### Task brief
From the entries, copy each line that includes "their".

------ Material shown

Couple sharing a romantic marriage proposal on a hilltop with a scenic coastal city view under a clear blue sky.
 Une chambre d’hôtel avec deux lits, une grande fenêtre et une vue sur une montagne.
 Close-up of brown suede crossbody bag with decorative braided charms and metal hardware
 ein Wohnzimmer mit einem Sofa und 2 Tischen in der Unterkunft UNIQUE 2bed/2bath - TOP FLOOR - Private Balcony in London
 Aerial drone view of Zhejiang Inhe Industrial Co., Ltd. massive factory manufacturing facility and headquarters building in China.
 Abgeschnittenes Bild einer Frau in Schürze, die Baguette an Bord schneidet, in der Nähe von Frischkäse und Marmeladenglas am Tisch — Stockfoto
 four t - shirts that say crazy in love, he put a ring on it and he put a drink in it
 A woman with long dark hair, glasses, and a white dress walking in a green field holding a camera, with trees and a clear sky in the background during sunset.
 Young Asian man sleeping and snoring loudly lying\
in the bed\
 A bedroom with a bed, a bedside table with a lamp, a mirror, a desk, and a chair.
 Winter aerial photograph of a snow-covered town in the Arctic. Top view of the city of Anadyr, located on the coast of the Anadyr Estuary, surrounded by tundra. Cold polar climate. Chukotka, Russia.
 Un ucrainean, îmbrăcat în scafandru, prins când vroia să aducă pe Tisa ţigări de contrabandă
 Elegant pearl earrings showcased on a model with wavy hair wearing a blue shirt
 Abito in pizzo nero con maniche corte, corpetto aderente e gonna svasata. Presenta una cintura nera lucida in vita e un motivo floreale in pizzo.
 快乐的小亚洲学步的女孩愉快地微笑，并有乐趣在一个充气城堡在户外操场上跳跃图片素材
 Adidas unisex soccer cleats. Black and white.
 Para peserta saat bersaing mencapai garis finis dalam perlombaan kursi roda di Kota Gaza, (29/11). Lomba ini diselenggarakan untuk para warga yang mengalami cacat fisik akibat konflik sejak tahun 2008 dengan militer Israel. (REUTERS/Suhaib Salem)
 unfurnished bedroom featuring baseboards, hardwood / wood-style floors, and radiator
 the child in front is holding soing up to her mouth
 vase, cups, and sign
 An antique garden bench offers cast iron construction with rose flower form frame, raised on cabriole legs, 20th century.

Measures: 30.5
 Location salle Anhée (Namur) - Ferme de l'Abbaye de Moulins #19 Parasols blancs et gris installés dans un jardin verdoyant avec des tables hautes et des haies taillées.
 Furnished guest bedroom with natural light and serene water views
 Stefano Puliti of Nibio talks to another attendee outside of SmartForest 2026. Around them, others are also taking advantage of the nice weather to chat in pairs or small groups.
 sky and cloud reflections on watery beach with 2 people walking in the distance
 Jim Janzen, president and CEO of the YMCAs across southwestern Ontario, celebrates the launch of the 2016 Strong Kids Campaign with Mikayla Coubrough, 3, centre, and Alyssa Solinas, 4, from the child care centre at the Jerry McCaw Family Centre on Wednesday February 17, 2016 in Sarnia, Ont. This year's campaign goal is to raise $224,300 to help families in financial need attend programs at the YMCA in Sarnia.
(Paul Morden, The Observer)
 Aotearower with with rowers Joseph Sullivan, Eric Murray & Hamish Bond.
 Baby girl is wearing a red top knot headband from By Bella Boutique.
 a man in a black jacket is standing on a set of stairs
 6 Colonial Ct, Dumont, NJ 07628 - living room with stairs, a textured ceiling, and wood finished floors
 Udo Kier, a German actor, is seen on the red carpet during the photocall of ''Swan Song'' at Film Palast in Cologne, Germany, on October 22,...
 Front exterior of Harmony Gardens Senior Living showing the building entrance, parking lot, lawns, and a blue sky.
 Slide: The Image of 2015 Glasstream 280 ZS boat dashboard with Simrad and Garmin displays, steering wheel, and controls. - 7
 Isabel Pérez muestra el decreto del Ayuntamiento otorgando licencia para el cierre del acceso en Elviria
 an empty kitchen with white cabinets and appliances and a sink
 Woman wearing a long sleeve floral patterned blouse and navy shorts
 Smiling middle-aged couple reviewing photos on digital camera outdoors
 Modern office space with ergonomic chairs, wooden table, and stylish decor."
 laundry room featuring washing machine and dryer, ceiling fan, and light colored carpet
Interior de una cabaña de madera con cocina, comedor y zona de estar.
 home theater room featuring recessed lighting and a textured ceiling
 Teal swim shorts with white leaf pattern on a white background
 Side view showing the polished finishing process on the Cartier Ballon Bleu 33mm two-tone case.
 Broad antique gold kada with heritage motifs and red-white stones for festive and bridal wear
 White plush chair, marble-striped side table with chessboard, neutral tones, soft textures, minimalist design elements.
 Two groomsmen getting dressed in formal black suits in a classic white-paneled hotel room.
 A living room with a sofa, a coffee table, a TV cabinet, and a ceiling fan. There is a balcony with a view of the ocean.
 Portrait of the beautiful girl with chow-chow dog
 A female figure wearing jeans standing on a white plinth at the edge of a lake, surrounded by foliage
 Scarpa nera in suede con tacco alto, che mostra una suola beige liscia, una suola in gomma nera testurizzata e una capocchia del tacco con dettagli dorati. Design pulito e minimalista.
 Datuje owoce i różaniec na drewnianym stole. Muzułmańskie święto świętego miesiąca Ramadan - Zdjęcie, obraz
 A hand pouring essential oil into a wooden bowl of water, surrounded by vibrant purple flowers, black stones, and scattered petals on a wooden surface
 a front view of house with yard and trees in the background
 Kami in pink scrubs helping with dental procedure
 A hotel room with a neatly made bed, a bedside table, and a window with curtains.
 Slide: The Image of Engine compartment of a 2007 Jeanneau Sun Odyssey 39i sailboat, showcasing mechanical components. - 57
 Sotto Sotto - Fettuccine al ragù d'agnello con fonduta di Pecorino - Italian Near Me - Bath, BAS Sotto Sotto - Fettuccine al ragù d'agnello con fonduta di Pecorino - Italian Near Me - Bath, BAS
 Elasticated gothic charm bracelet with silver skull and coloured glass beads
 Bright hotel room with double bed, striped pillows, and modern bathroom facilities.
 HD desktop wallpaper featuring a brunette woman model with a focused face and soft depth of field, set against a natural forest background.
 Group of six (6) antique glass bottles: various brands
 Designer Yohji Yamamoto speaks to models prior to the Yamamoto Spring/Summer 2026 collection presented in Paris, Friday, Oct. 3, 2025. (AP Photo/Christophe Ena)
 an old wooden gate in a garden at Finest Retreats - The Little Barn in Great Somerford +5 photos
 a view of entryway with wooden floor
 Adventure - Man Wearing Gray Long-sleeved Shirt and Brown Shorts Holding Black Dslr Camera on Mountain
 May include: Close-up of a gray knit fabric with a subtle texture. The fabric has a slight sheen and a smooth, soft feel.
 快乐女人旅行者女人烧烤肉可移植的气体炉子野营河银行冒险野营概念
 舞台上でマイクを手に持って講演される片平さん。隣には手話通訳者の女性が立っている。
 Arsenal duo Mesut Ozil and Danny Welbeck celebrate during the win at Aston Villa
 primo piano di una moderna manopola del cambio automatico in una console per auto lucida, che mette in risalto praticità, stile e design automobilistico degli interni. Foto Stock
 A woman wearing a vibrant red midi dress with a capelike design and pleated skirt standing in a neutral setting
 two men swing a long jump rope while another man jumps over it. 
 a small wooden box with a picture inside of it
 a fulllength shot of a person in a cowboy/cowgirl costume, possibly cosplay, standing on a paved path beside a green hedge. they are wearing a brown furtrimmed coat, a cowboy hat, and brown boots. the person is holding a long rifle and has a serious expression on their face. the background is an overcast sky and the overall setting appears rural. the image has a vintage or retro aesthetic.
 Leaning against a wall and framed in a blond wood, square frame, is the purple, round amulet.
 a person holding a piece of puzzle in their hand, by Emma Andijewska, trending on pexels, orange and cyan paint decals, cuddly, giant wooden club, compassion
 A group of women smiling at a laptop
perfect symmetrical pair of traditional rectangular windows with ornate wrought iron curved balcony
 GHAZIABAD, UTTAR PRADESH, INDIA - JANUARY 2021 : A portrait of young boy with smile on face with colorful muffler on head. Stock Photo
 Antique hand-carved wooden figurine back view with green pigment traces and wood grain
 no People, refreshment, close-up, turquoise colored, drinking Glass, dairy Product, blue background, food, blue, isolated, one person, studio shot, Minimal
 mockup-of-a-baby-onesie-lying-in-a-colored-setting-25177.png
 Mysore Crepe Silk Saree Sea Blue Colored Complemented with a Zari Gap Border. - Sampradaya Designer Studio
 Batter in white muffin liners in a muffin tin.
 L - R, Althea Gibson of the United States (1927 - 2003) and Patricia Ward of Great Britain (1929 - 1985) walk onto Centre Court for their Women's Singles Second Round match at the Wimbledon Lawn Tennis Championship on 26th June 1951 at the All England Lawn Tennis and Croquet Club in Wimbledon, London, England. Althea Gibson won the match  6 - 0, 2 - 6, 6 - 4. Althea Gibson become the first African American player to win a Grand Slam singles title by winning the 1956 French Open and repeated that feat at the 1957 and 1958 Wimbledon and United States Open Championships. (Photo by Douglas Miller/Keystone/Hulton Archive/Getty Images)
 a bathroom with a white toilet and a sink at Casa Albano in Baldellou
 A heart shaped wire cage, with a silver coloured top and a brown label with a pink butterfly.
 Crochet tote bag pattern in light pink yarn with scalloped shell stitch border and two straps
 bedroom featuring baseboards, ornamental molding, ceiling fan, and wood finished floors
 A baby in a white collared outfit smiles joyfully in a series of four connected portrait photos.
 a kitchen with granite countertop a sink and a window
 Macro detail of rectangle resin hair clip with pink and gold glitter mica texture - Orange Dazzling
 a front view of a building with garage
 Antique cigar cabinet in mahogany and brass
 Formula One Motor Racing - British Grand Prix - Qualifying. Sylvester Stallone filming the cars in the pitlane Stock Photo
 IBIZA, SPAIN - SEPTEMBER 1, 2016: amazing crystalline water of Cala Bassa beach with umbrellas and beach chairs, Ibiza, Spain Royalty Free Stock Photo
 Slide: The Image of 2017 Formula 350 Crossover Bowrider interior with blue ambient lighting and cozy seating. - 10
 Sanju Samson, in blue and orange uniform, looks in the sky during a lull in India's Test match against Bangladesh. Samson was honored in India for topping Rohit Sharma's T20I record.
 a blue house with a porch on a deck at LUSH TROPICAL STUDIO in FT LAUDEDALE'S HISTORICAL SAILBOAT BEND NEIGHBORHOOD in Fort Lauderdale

------------

### Solution to this exercise
 a fulllength shot of a person in a cowboy/cowgirl costume, possibly cosplay, standing on a paved path beside a green hedge. they are wearing a brown furtrimmed coat, a cowboy hat, and brown boots. the person is holding a long rifle and has a serious expression on their face. the background is an overcast sky and the overall setting appears rural. the image has a vintage or retro aesthetic.
 a person holding a piece of puzzle in their hand, by Emma Andijewska, trending on pexels, orange and cyan paint decals, cuddly, giant wooden club, compassion
 L - R, Althea Gibson of the United States (1927 - 2003) and Patricia Ward of Great Britain (1929 - 1985) walk onto Centre Court for their Women's Singles Second Round match at the Wimbledon Lawn Tennis Championship on 26th June 1951 at the All England Lawn Tennis and Croquet Club in Wimbledon, London, England. Althea Gibson won the match  6 - 0, 2 - 6, 6 - 4. Althea Gibson become the first African American player to win a Grand Slam singles title by winning the 1956 French Open and repeated that feat at the 1957 and 1958 Wimbledon and United States Open Championships. (Photo by Douglas Miller/Keystone/Hulton Archive/Getty Images)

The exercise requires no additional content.